- **What you are asked to do**: Below are some records; repeat them all exactly, minus the pictures.

= = =

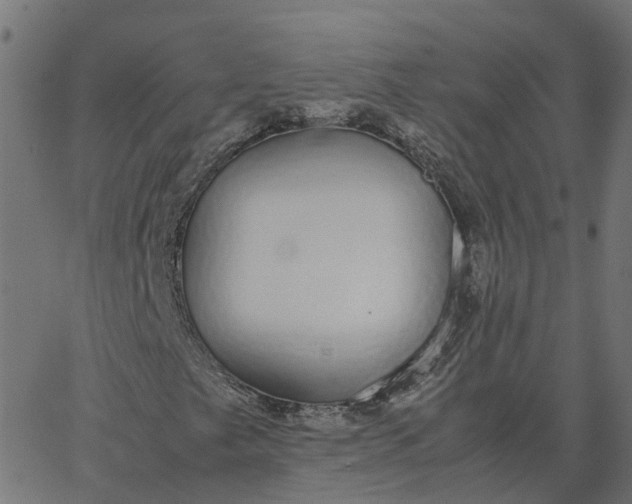 X0000067871249200604271727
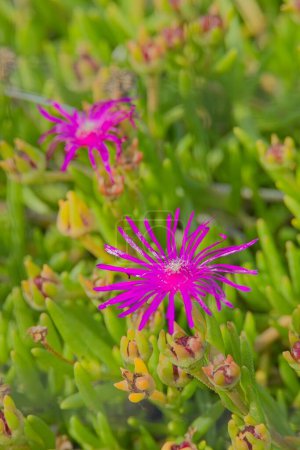 Primer plano de delosperma cooperi, la planta de hielo que sigue, la planta de hielo resistente o la alfombra rosa, es una planta perenne enana nativa de Sudáfrica.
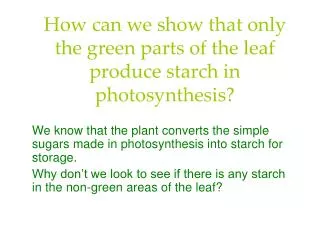 How can we show that only the green parts of the leaf produce starch in photosynthesis?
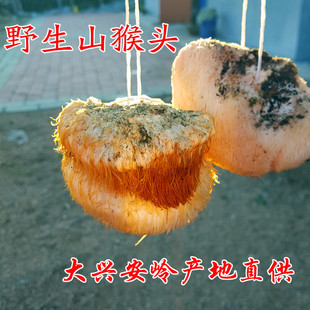 ���d���XҰ��ɽ���^Ұ�����^ ���^����؛�|���خa   500g���]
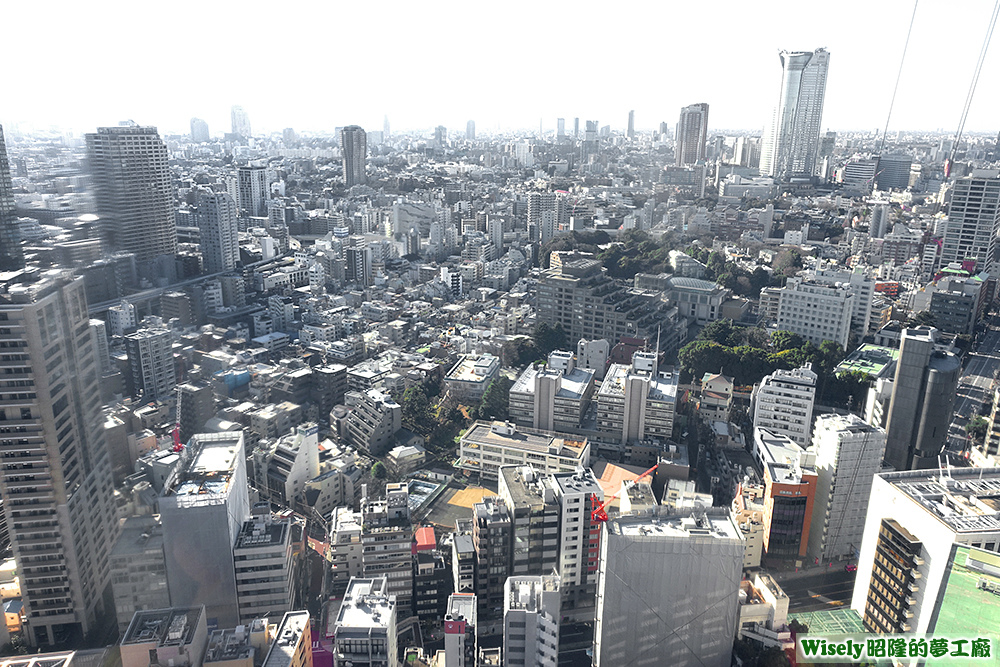 東京鐵塔(TOKYO TOWER)大展望台視野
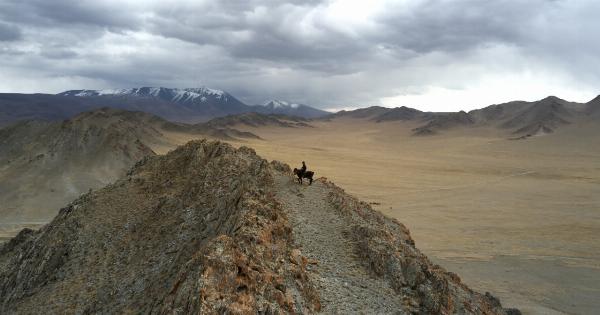 The amazing benefits of donkey milk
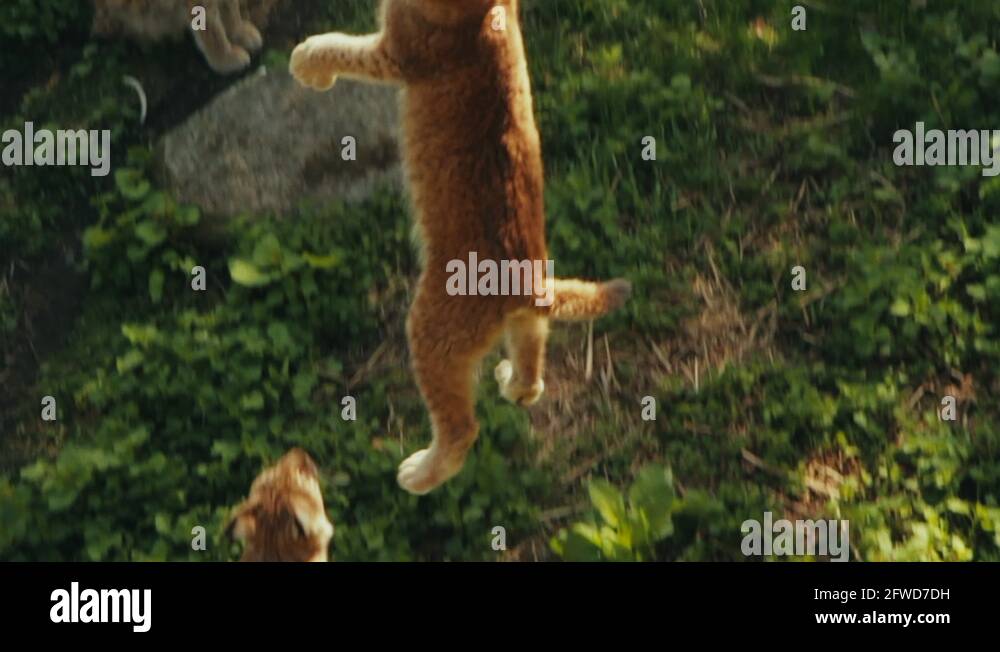 Prey animal of all the big cats Stock Videos & Footage - HD and 4K ...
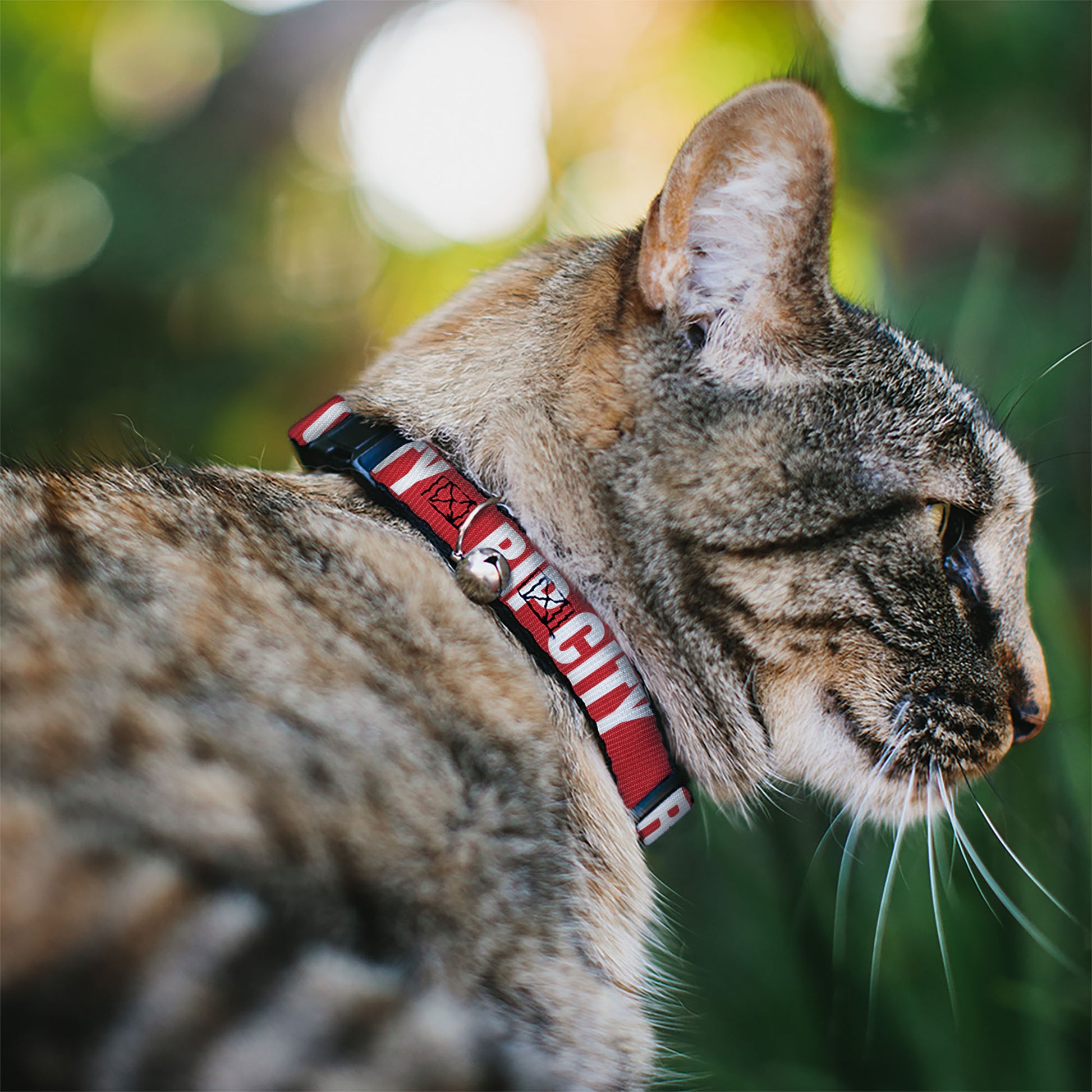 Cat Collar Breakaway - RIP CITY Red White Breakaway Cat Collars Buckle-Down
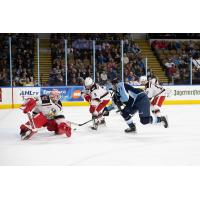 Grand Rapids Griffins' Alex Nedeljkovic and Eemil Viro versus Milwaukee Admirals' Joakim Kemell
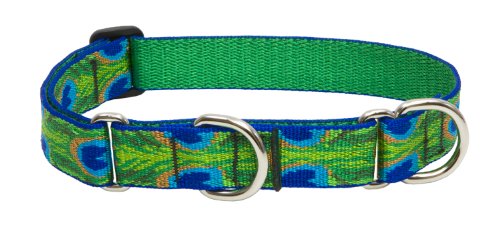 Lupine Pet Originals 1" Tail Feathers 15-22" Martingale Collar for Medium and Larger Dogs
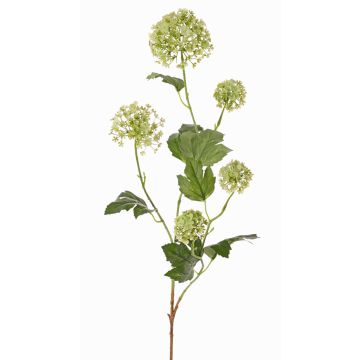 Ramo di viburno artificiale TENSHI, verde, 90cm, Ø5-10cm Ramo di viburno artificiale TENSHI, verde, 90cm, Ø5-10cm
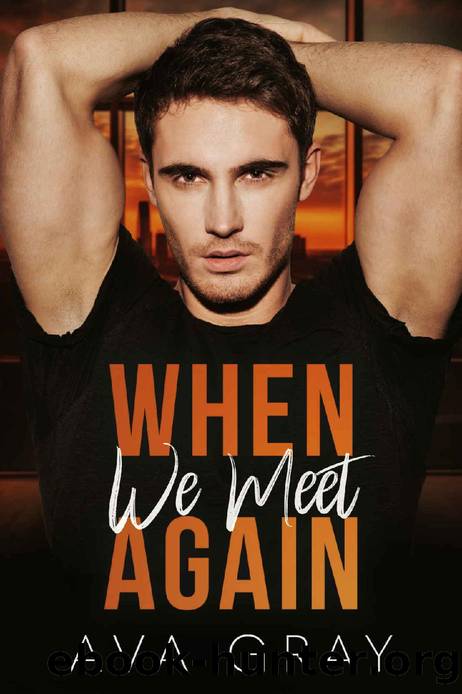 When we meet Again (Alpha Billionaire) by Ava Gray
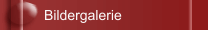 Bildergalerie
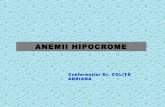 27893375 Curs 4 Anemii Hipocrome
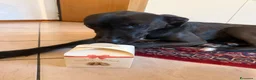 Meticcio cani in regalo: Billa - Annuncio 8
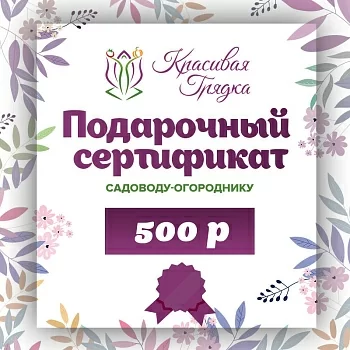 Подарочный сертификат 500 р.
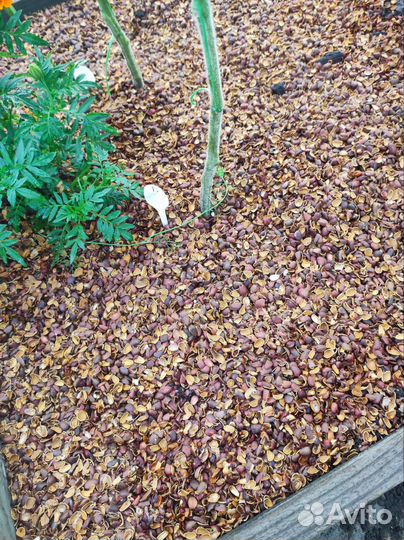 Скорлупа кедрового ореха (мульча)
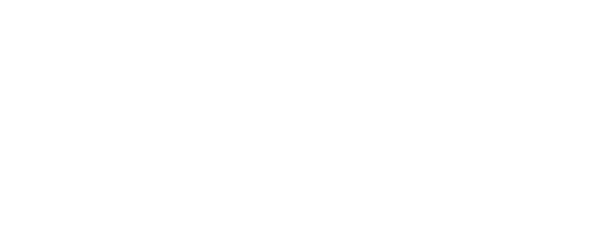 shopify plus online shop system ecommerce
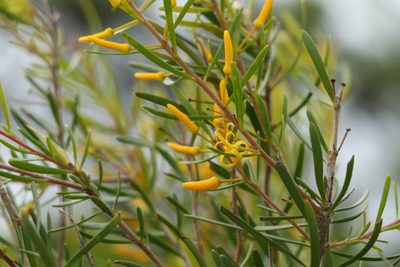 Persoonia virgata, photographed by Greg Tasney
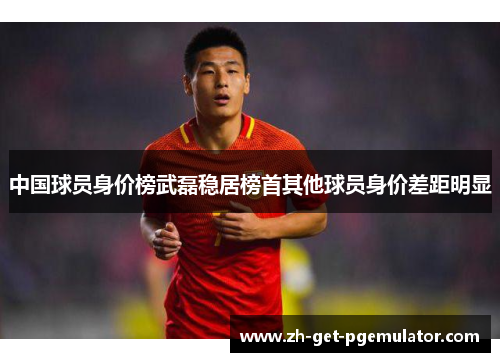 中国球员身价榜武磊稳居榜首其他球员身价差距明显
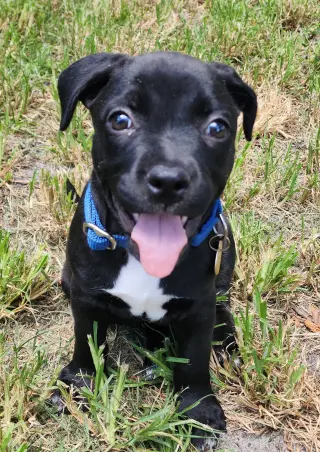 Elphie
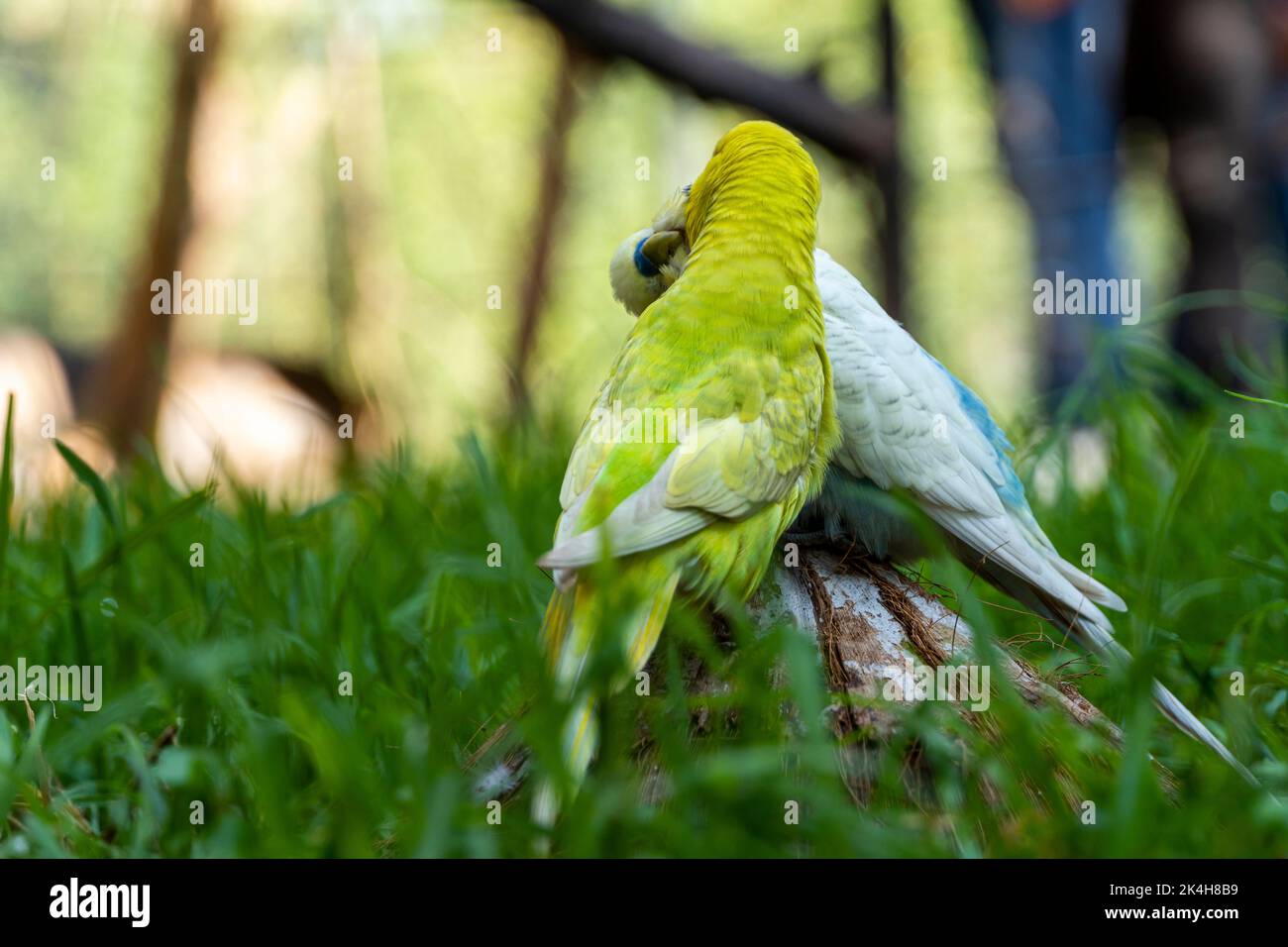 Zwei liebende Vögel, die im Gras spielen, ein gelbgrüner und ein blauweißer, kleiner Sittich, Hintergrund mit Bokeh mexiko Stockfoto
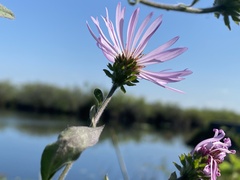 Ampelaster carolinianus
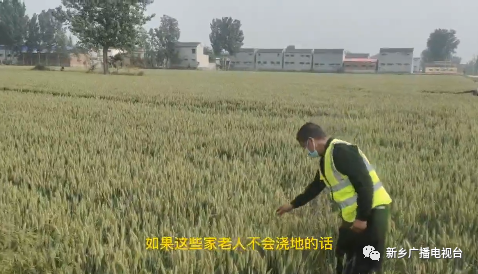 真给力! 在外务工村民请放心 小麦收割有人管休闲区蓝鸢梦想 - Www.slyday.coM 真给力! 在外务工村民请放心 小麦收割有人管休闲区蓝鸢梦想 - Www.slyday.coM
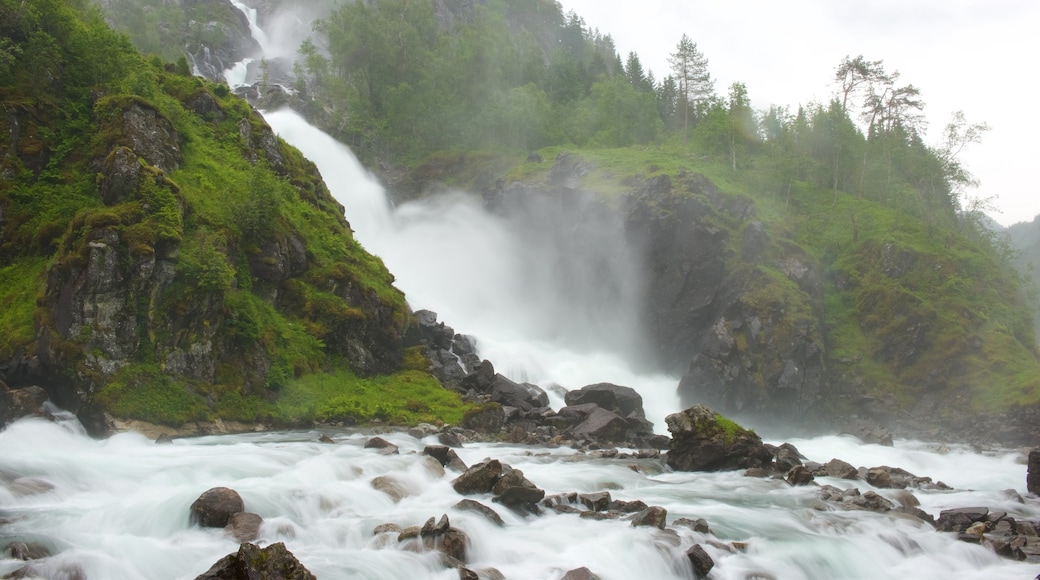 Bergen featuring a waterfall and rapids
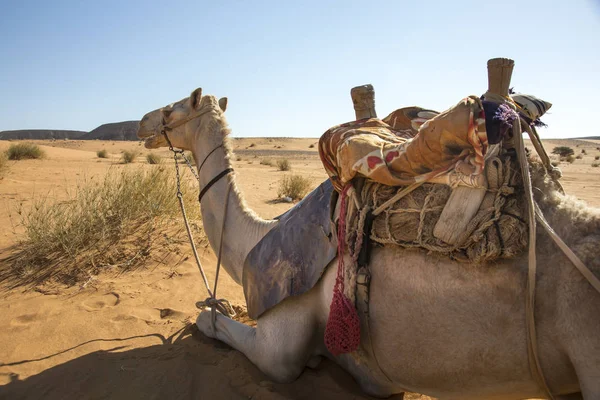 Gesatteltes Kamel Namibischer Wüste Sudan — Stockfoto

= = =

- **Answer space**:
 X0000067871249200604271727
 Primer plano de delosperma cooperi, la planta de hielo que sigue, la planta de hielo resistente o la alfombra rosa, es una planta perenne enana nativa de Sudáfrica.
 How can we show that only the green parts of the leaf produce starch in photosynthesis?
 ���d���XҰ��ɽ���^Ұ�����^ ���^����؛�|���خa   500g���]
 東京鐵塔(TOKYO TOWER)大展望台視野
 The amazing benefits of donkey milk
 Prey animal of all the big cats Stock Videos & Footage - HD and 4K ...
 Cat Collar Breakaway - RIP CITY Red White Breakaway Cat Collars Buckle-Down
 Grand Rapids Griffins' Alex Nedeljkovic and Eemil Viro versus Milwaukee Admirals' Joakim Kemell
 Lupine Pet Originals 1" Tail Feathers 15-22" Martingale Collar for Medium and Larger Dogs
 Ramo di viburno artificiale TENSHI, verde, 90cm, Ø5-10cm Ramo di viburno artificiale TENSHI, verde, 90cm, Ø5-10cm
 When we meet Again (Alpha Billionaire) by Ava Gray
 Bildergalerie
 27893375 Curs 4 Anemii Hipocrome
 Meticcio cani in regalo: Billa - Annuncio 8
 Подарочный сертификат 500 р.
 Скорлупа кедрового ореха (мульча)
 shopify plus online shop system ecommerce
 Persoonia virgata, photographed by Greg Tasney
 中国球员身价榜武磊稳居榜首其他球员身价差距明显
 Elphie
 Zwei liebende Vögel, die im Gras spielen, ein gelbgrüner und ein blauweißer, kleiner Sittich, Hintergrund mit Bokeh mexiko Stockfoto
 Ampelaster carolinianus
 真给力! 在外务工村民请放心 小麦收割有人管休闲区蓝鸢梦想 - Www.slyday.coM 真给力! 在外务工村民请放心 小麦收割有人管休闲区蓝鸢梦想 - Www.slyday.coM
 Bergen featuring a waterfall and rapids
 Gesatteltes Kamel Namibischer Wüste Sudan — Stockfoto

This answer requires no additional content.